A l'origine, l'ensemble a été créé pour contre-balancer la "Zone de libre-échange des Amériques". La profession de foi de l'Alliance bolivarienne ne fait pas mystère de son orientation "anti-impérialiste" et très critique à l'endroit des Etats-Unis. L'idée est ainsi d'opposer "Notre Amérique", détaille l'institution, à "l'autre Amérique, qui est expansionniste, et conduite par des appétits impérialistes". L'ALBA, qui s'occupe de nombreux sujets (du commerce équitable à l'écologie, en passant par le tourisme, l'alimentation, l'éducation, jusqu'à la "préservation des cultures autochtones"), emploie même sa propre monnaie virtuelle pour renforcer les échanges entre les pays-membres tout en se passant du dollar: le "SUCRE", qui est là aussi, non pas une référence à la substance, mais à un autre grand nom des indépendances latines, le général Sucre

L'Iran et la Syrie partenaires traditionnels de l'Amérique du sud

S'agissant justement des Etats-membres, ils sont onze: Cuba, Venezuela, Bolivie, Nicaragua, la Dominique, Equateur, Saint-Vincent-et-les-Grenadines, Antigua-et-Barbuda, Sainte-Lucie, Saint-Kitts-et-Nevis, Grenade. Mais, c'est-à-côté de ces membres, que vient se loger une part de la polémique soulevée en France au sujet d'un rapprochement avec l'ALBA. En 2009, la Russie a envoyé des représentants à un sommet de l'organisation et l'Iran, Haïti et la Syrie ont le statut d'Etats-observateurs.
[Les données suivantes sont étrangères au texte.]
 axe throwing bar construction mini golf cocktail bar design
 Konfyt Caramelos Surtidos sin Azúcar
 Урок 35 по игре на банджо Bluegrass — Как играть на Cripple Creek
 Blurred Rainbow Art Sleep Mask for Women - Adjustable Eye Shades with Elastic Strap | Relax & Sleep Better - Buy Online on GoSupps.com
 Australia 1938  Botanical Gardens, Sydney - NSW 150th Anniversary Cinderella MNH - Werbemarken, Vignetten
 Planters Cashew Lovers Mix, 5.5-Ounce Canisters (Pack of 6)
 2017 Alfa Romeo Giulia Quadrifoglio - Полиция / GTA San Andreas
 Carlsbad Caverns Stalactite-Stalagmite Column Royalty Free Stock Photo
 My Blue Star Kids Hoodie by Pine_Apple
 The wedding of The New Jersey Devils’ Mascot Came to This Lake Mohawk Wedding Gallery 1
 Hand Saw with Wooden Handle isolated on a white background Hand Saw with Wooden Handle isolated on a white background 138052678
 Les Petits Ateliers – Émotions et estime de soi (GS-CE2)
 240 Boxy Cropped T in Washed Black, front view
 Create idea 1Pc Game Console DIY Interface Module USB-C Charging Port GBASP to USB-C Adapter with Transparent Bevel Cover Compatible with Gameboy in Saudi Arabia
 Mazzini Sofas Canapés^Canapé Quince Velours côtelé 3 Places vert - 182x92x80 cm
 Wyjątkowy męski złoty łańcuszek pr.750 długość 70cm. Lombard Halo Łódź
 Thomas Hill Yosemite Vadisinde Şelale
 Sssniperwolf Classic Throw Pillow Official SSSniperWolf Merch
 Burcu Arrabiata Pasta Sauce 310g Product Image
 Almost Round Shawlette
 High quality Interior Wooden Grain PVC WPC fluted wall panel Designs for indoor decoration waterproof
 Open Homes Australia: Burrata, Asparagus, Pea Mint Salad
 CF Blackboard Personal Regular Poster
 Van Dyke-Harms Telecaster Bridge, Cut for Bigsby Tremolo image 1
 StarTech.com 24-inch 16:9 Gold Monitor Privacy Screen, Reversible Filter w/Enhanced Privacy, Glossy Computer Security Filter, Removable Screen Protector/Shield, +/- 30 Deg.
Interviewé par le site Arrêt sur Image au sujet d'un possible lien de l'organisation avec ces régimes autocratiques, Christophe Ventura, membre de la "France insoumise" et chercheur spécialiste de la géopolitique de l'Amérique latine a expliqué: "Pour dissiper tout malentendu : ces pays dits 'observateurs' sont en réalité des pays qui ont envoyé des représentants à des sommets pléniers de l’ALBA, mais en aucun cas, ces pays ne siègent ou n'ont de représentation organique dans les instances de l’ALBA". Et l'Amérique du sud entretient depuis longtemps avec l'Iran et la Syrie, selon Christophe Ventura:

"Il faut savoir que pour des raisons géostratégiques, quels que soient les régimes politiques, les gouvernements latino-américains ont toujours entretenu des liens de coopération historiques avec l’Iran et la Syrie autour d'intérêts communs : leurs intérêts pétroliers et leur rejet d'une certaine politique américaine notamment".

Nouvelles relations internationales pour un intérêt local

Au moment de justifier une éventuelle entrée de la France dans l'Alliance bolivarienne, Jean-Luc Mélenchon évoque d'autres considérations géopolitiques. Dans un entretien avec le géopolitologue Pascal Boniface, paru sur son blog, il déclare: "C’est un avenir plus cohérent pour nos compatriotes de ces territoires que de subir le mépris de la Commission européenne pour les régions dites 'ultra-périphériques' ou que le marché unique avec l’Estonie ! Cela vaut également en Amérique Latine pour la Guyane à l’égard de l’Alliance bolivarienne pour les peuples de notre Amérique (ALBA), par exemple !" 

Au journal de 20h sur TF1 ce vendredi, Jean-Luc Mélenchon a poursuivi ses explications à ce propos: "L'ALBA est une organisation de coopération, je suis partisan du fait que les territoires d'outremer français, et en particulier ceux des Caraïbes, s'insèrent dans l'économie de leur région."

Le livret thématique consacré à l'Outre-mer par la France insoumise emprunte le même sillon. On y prône la nécessité de "rejoindre les coopérations régionales: l’ALBA (Alliance bolivarienne pour les peuples de notre Amérique) et la CELAC (Communauté d'Etats latino-américains et caraïbes) pour les Antilles et la Guyane française". Une manière pour l'équipe du candidat de rappeler qu'à travers les Antilles et la Guyane, la France est aussi un pays d'Amérique du sud.